Why massive inserts using SubmitChanges lack in performance.

Bulk inserting using LINQ to SQL, why is it so slow?

Well, the short answer is that it is not designed to do bulk inserts.

But out of curiosity, why is it slow?

Well, let us do it by example (my preferred way). First create a table in SQL Server like so (this will basically represent a person):

create table OurLinqPerson (cid int primary key, fname nvarchar(10), lname nvarchar(10), age int)

--drop table OurLinqPerson

Then create a new C# console project in Visual Studio.

Right click the project and add a new item, “LINQ to SQL Classes”, call it Person.dbml.

Then use the Server Explorer to find the table (OurLinqPerson) and drag it to the designer surface and “Save”.
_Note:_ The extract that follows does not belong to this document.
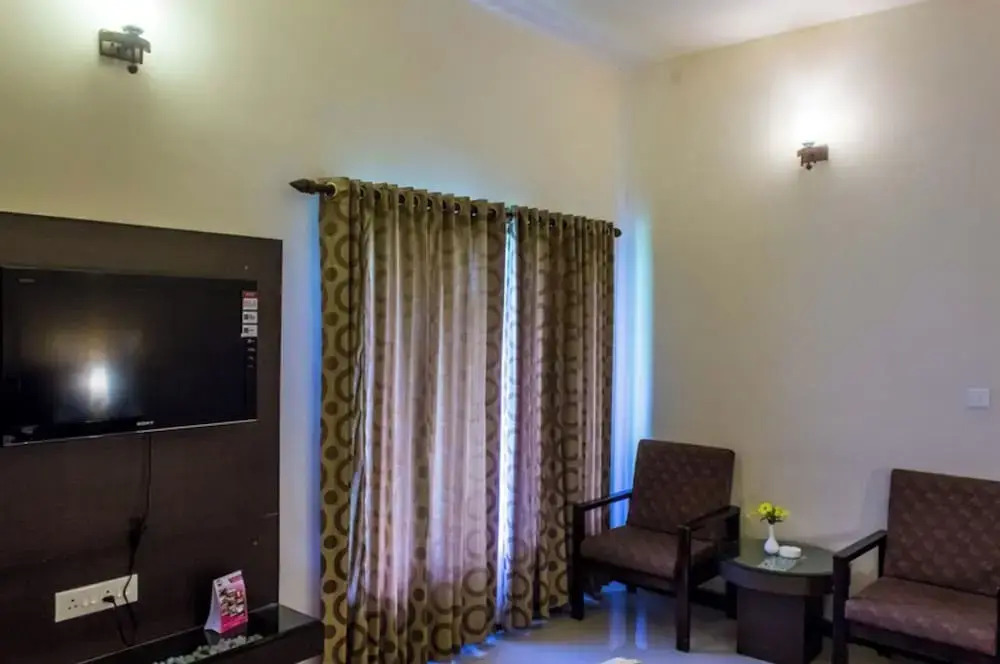 Goldfield Club & Lake Resort, Kumarakom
Then add the following code:

        static void Main(string[] args)

        {

            int noOfPersonsToInsert = 10000;

            long calc = 0;

            try

            {

                PersonDataContext pdc = new PersonDataContext();

                Stopwatch sw = new Stopwatch();

                sw.Start();

                for (int i = 0; i < noOfPersonsToInsert; i++)

                {

                    OurLinqPerson olp = new OurLinqPerson { cid = i, fname = "Peter", lname = "Peterson", age = 33 };

                    // Add the object to the datacontext.
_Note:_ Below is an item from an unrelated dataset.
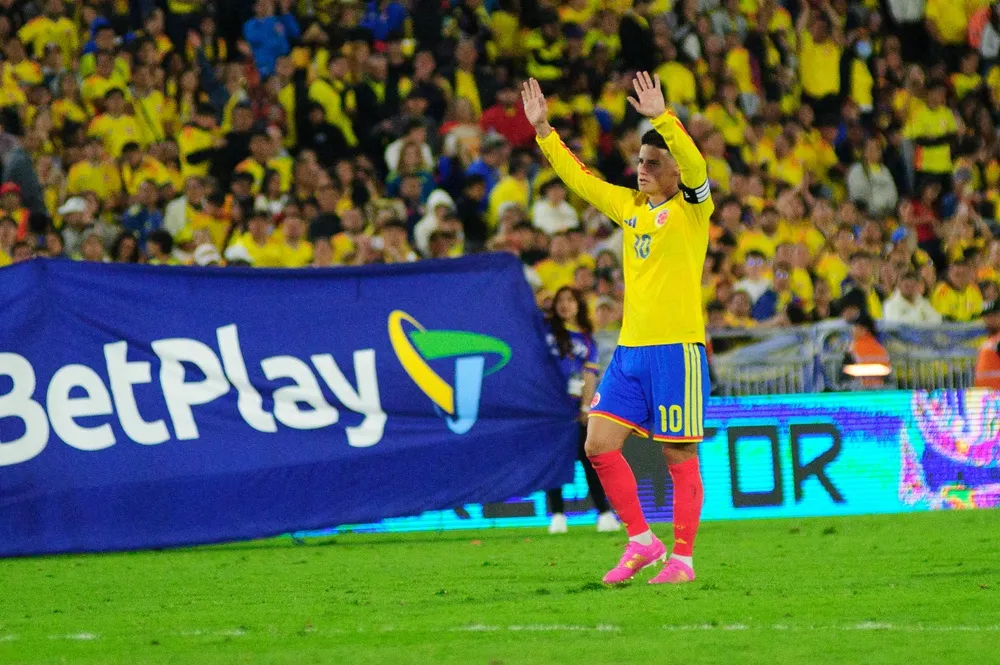 James Rodríguez jugando un amistoso por Colombia en la previa del Mundial.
                    pdc.OurLinqPersons.InsertOnSubmit(olp);

                    if (i % 500 == 0)

                    {

                        Console.WriteLine("Time (ms): Total / This batch {0, 3} / {1, 3}, Objects using InsertOnSubmit: {2}", sw.ElapsedMilliseconds.ToString(), (sw.ElapsedMilliseconds - calc).ToString(), i);

       calc = sw.ElapsedMilliseconds;

                    }

                }

                Console.WriteLine("All InsertOnSubmits done. Total elapsed time (ms): {0}. \n\nNow calling SubmitChanges...", sw.ElapsedMilliseconds.ToString());

      calc = sw.ElapsedMilliseconds;

               

                // Now submit changes to the database.
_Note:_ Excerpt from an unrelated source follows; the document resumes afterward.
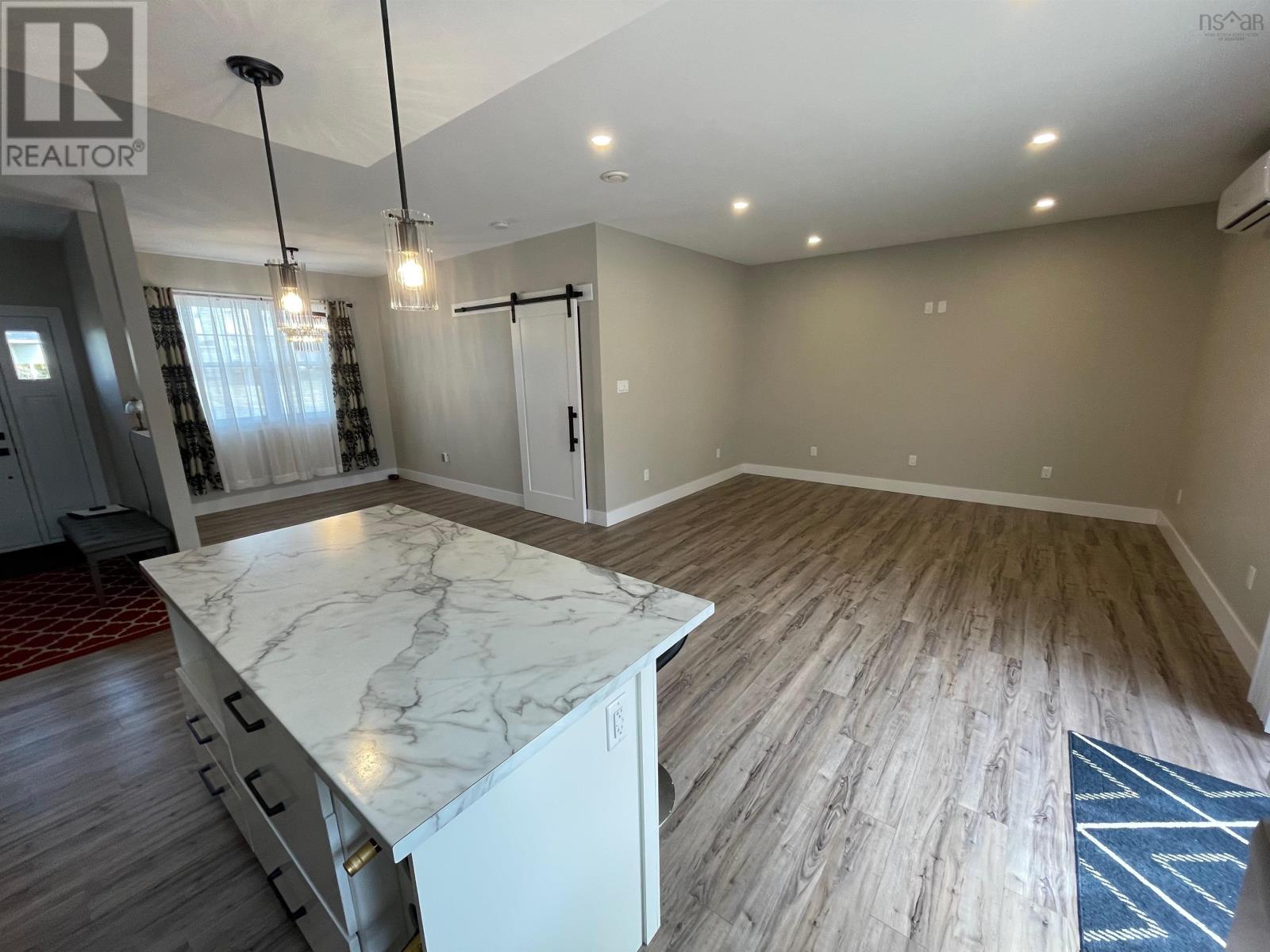 Property 14 of 27 of 243 Braemar Drive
                pdc.SubmitChanges();

               

                Console.WriteLine("SubmitChanges done, time for this (ms): {0}", (sw.ElapsedMilliseconds - calc).ToString());

                sw.Stop();

                Console.WriteLine("\n\nTotal elapsed time (ms): {0}", sw.ElapsedMilliseconds.ToString());

            }

            catch (Exception ex)

            {

                Console.WriteLine(ex);

            }

        }

The code hopefully is self-explanatory. We want to insert 10000 rows into the OurLinqPerson table, we do this by creating an instance of the OurLinqPerson object.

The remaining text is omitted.